Did we elect Donald Trump because we loved watching JR Ewing on teevee thirty years ago? I'm not saying that, but it is illustrative to note that Americans have, for most of my lifetime, tended to equate money, and the having of lots of it, as a gauge of intelligence. At one of last year's debates, Hillary Clinton noted with disdain Trump's apparent success at avoiding paying taxes decades ago. One would expect that people would find that sickening; I know that I did, since I pay all my taxes. Trump's caustic reply, though? "That makes me smart." A lot of people approve of that.

For an awful lot of people, it was not a mark against Trump that he bankrupted a casino, or that his roster of utter failures in business far outstrips his roster of successes, or that his retail brands involved products made in China, or any of that. I suspect this is because of how we view money: we all want it, and in America we seem to inherently respect anyone who has it. We view money as a measure of success, and the lack thereof as a measure of failure. And if Donald Trump has ever done anything, it's convince lots of people that he has worked himself to the bone in order to pile up gobs of money.

But for all that, Trump has always been playing a part. Yes, he has all that money, but he started off rich, and he has always been adept at failing upwards, using various oddities in US bankruptcy and tax laws to make sure that even when his ventures implode he comes away with more money than with which he went in. I suppose there's some kind of perverse competence at work there, but for an awful lot of Americans none of that matters. All they see is a filthy rich man who has failed a lot and is still filthy rich, and they think that merely being filthy rich is a qualification in itself for office. It's the same impulse that drove a lot of people to support Ross Perot in 1992, despite his lack of policy knowledge (and he seemed like a total wonk in comparison to Trump). It's what led to Mitt Romney's odd stint at the top of Republican circles -- yes, he was a governor for a single term, but he won that by virtue of being a rich guy with a lot of money. This is why the pledge to "run government like a business" seems to carry so much weight with Americans, despite it being pretty much utter nonsense.

My own representative in Congress, Chris Collins, is pretty much worthless from a policy standpoint. He ran for Erie County Executive some years ago, literally entirely on the basis of "I'm a successful businessman," and he pledged after winning to do some weird business thing called "Six Sigma" in Erie County government, which was going to make everything better. Exactly how was never clear, but hey, he was a businessman! He must know a lot and be really good at running things! Except he wasn't, and he was defeated after a single term of not getting much done at all except pissing people off.
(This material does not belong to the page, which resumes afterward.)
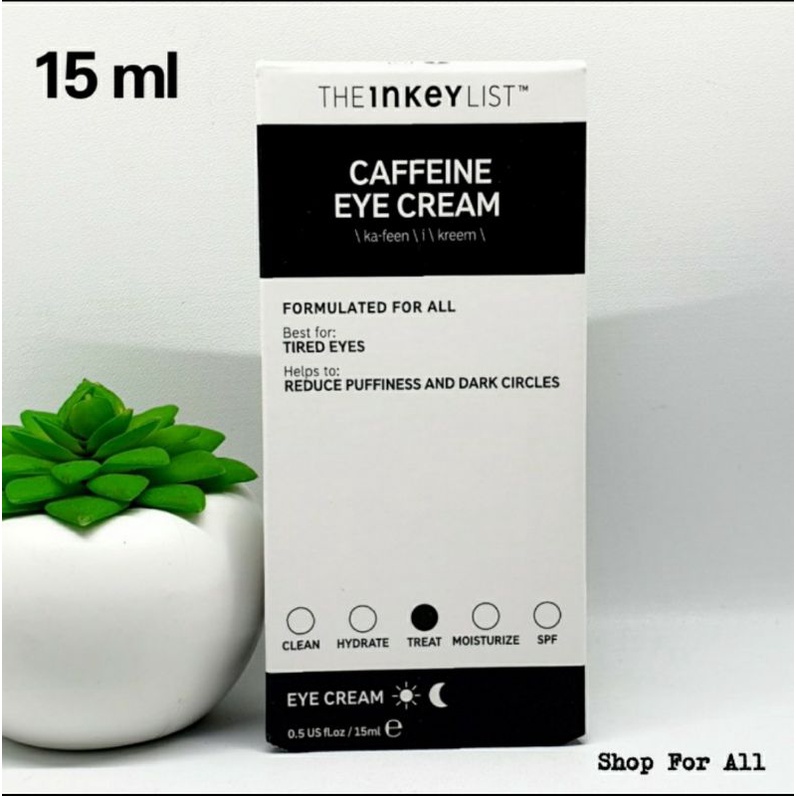 THE INKEY LIST Caffeine Eye Cream 15ml / 15 ml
Of course, this being America where lots of people are impressed by businessmen, Collins was able to turn his failure as County Executive into several terms thus far in Congress (with, I am sure, more to come because his seat is incredibly safe, unless it gets redistricted out of existence).

JR Ewing (and other depictions of business people in the 1980s) shaped our idea of what business looks like and what kind of person is successful at business. This, couple with our idea that business is in itself the finest of callings (remember all the talk of George W. Bush being our "first MBA president"? Remember how well that turned out?). We see being successful at business as having the necessary skillset for anything, and since we also view our government as largely sluggish and incompetent, well then, what better sort of person to cut through all the nonsense and make it all better? Why, a businessperson! That is what we need. Businesspeople are all about getting shit done. They take no crap. Screw up and you're fired. There's no time for bureaucracy. (Which will come as news to anyone who has ever tried to cancel cable service.)
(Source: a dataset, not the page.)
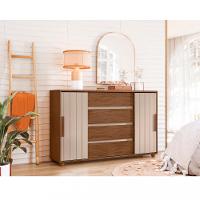 Cômoda 2 Portas 4 Gavetas Flex Evidenza Albatroz - 1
Thus we get President Donald Trump, a president who acts like he is the fictional head of a Texas oil company. We don't expect thoughtful, deliberate process; we expect quick and decisive action of the type that only a businessperson can provide. President Donald Trump is not just the unfortunate (and, it is to be hoped, ultimate) expression of our nation's sometimes-latent, sometimes-overt racism, sexism, homophobia, and general authoritarianism. He is also the expression of a nation that worships wealth and forgives nearly any sin committed to get it.


Tuesday, November 07, 2017

Tone Poem Tuesday

I heard this work a few weeks ago while driving home, and made sure to make note of it. Ernest Farrar was a British composer born in 1885, but his life and career were ended in September 1918, when he was killed in action in World War I, less than two months before the war ended. So many young people of promise, snuffed out in those trenches and on those fields.

This work, an orchestral rhapsody titled The Open Road, seems to be a musical portrayal of a walk through Scotland (or so I assume, from the bagpipe-like sound of the work's open bars and a motif that recurs). It's vigorous music in the Romantic mode, unsurprising and melodic and competent. In short, it's a pleasurable work, maybe not a masterpiece but not everything needs to be.

Thursday, November 02, 2017

Something for Thursday

Here's a piece to which I return many times throughout the years. I'm actually finding that the onward lurch of current events from one awful thing to the next (seriously, humanity, why are we building such an awful future?!) particularly lends itself to the reexamination of great works of art and music from earlier periods. It's a constant effort to remind myself that humanity isn't just capable of staggering acts of being terrible.

Here is The Lark Ascending by Ralph Vaughan Williams. (By the way, make note of the album cover pictured in the video, and if you ever see that album in a store, buy it. It's one of the great classical albums.)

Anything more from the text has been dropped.